Difficile dire se questa riconversione di prodotto, sia finalmente da annoverarsi come un'azione virtuosa del made in Italy dettata dallo sguardo lungo sulle evoluzioni che ci attendono, oppure se si tratti invece di un accordo di retrovia fra imprese italiane costrette a rincorrere i competitors stranieri (non sarebbe la prima volta), quel che è certo è che l'asticella della riconversione ecologica dell'economia ha fatto l'ennesimo piccolo passo avanti.

Anche se è necessario ricordare almeno due cose. La prima è che non basta una macchina elettrica per non inquinare: se infatti l'alimentazione si approvvigiona da fonti tradizionali fossili, non si fa altro che spostare l'inquinamento dal luogo di utilizzo al luogo di produzione dell'energia e per questo anzi sarebbe bene incentivare sempre di più la mobilità più sana e sostenibile (bicicletta, ferrovia, mezzi pubblici, trasporti collettivi...) . Il secondo aspetto da sottolineare è che come diciamo spesso non esistono pasti gratis, e quindi va tenuto conto sia dell'impatto del ciclo di vita complessivo del prodotto (in questo caso del veicolo elettrico), sia della reale disponibilità delle risorse.

Quello delle risorse e della loro finitezza è un problema di cui purtroppo ci dimentichiamo spesso. A partire dal litio, elemento base delle nuove tecnologie sul quale abbiamo già realizzato diversi approfondimenti: la scarsità di tale elemento sul pianeta rappresenta sì un rischio per lo sviluppo massivo delle tecnologie pulite, ma anche un rischio dal punto di vista dell'equilibrio geopolitico e sociale (pensiamo allo sfruttamento delle risorse petrolifere in Africa o nel Sud Est asiatico).

Non c'è peraltro solo il litio.
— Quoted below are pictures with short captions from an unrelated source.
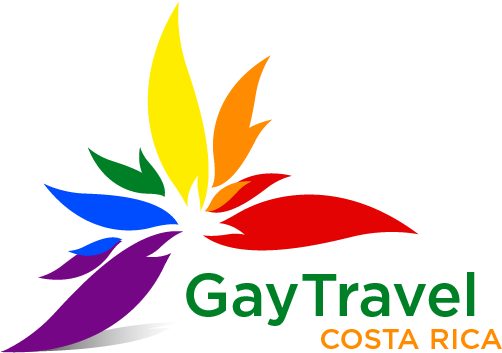 Travel Designers - Gay Logo Transparent Png (510x357)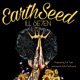 Earthseed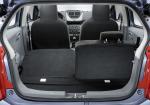 Nissan Pixo 2008 года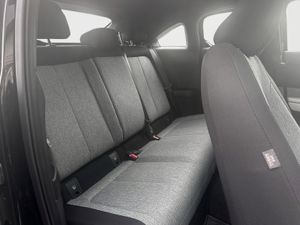 Mazda MX-30 e-SKYACTIV R-EV 125kW PRIME-LINE  - Foto 15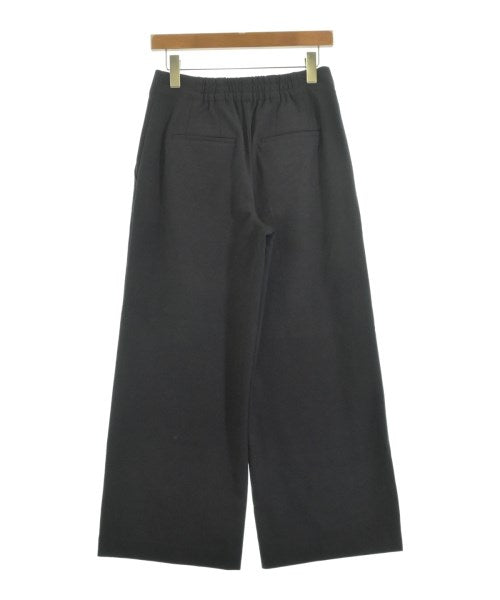 PLST กางเกงขายาว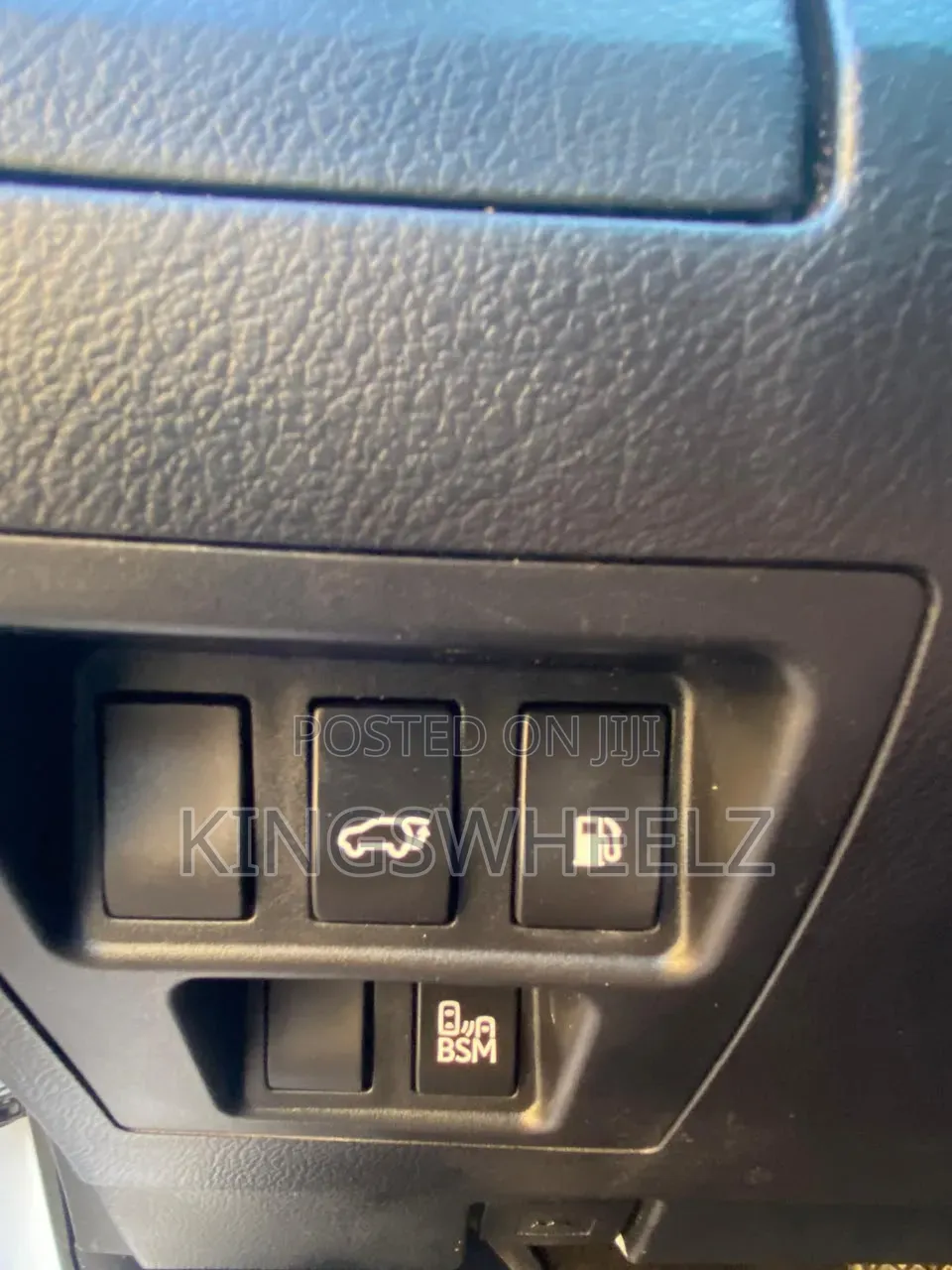 Lexus RX 350 AWD 2014 White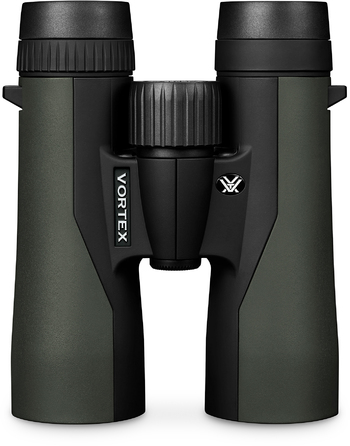 Бінокль Vortex Crossfire HD 10x42 (CF-4312)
In un altro articolo di oggi (vedi link a fondo pagina) parliamo del niobio e della scoperta di un importante giacimento in Cina, ma sempre Il Sole 24 ore ci ricorda altri nomi di elementi per ora semisconosciuti ma che presto potrebbero diventare assai più familiari: Si calcola per esempio che già oggi ogni Toyota Prius contenga una dozzina di chili di lantanio e un chilo di neodimio, mentre il terbio e il disprosio vengono aggiunti a una lega utilizzata per i magneti più moderni, utilizzati sia nell'industria dell'auto elettrica, sia nell'industria eolica.  

Tutti elementi, questi ultimi citati, che rientrano nel gruppo delle 15 "terre rare", ed ecco allora che tali (scarse) disponibilità di risorse dovrebbe quindi essere gestite in modo corretto - facendo magari tesoro degli errori del passato - sia dal punto di vista ambientale che da quello sociale. Un uso intelligente e non depredatorio delle risorse insomma, che sia accompagnato da investimenti in ricerca finalizzati a ridurne al minimo l'utilizzo e soprattutto lo spreco, a svilupparne laddove possibile il recupero e riciclo, a individuare possibili elementi alternativi e disponibili in quantità maggiori.  

Ecco perché alla base della piramide sta la ricerca. Quella di base appunto, orientata alla sostenibilità dello sviluppo.